These, I think, were the leading propositions of the work. In one important point, however, it was inconsistent with itself: it contained a full admission that a State might, by its nature and circumstances, be incapacitated from upholding and propagating a definite form of religion: "There may be a state of things in the United States of America - perhaps in some British colonies there does actually exist a state of things - in which religious communions are so equally divided, or so variously subdivided, that the government is itself similarly checkered in its religious complexion, and thus internally incapacitated by disunion from acting in matters of religion; or, again, there may be a State in which the members of Government may be of one faith or persuasion, the mass of subjects of another, and hence there may be an external incapacity to act in matters of religion."

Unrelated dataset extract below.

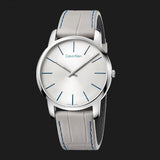 Buy Shop Calvin Klein City Silver Dial Grey Leather Strap Watch for Men - K2G211Q4 USA Online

The book goes on to describe that incapacity, however produced, as a social defect and calamity. But the latter part of the work, instead of acknowledging such incapacity as a sufficient and indeed commanding plea for abstention, went beyond the bounds of moderation, and treated it as if it must in all cases be a sin; as though any association of men, in civil government or otherwise, could be responsible for acting beyond the line of the capabilities determined for it by its constitution and composition. My meaning, I believe, was to describe only cases in which there might be a deliberate renunciation of such

duties as there was the power to fulfill. But this line is left too obscurely drawn between this willful and wanton rejection of opportunities for good, and the cases in which the state of religious convictions, together with the recognized principles of government, disable the civil power from including within its work the business of either directly or indirectly inculcating religion, and mark out for it a different line of action.

SOME AFTER-THOUGHTS.

I BELIEVE that the foregoing passages describe fairly, if succinctly, the main propositions of "The State in Its Relations to the Church," so far as the book bears upon the present controversy. They bound me hand and foot; they hemmed me in on every side. My opinion of the Established Church of Ireland is now the direct opposite of what it was then. I then thought it reconcilable with civil and national justice; I now think the maintenance of it grossly unjust. I then thought its action was favorable to the interests of the religion which it teaches; I now believe it to be opposed to them.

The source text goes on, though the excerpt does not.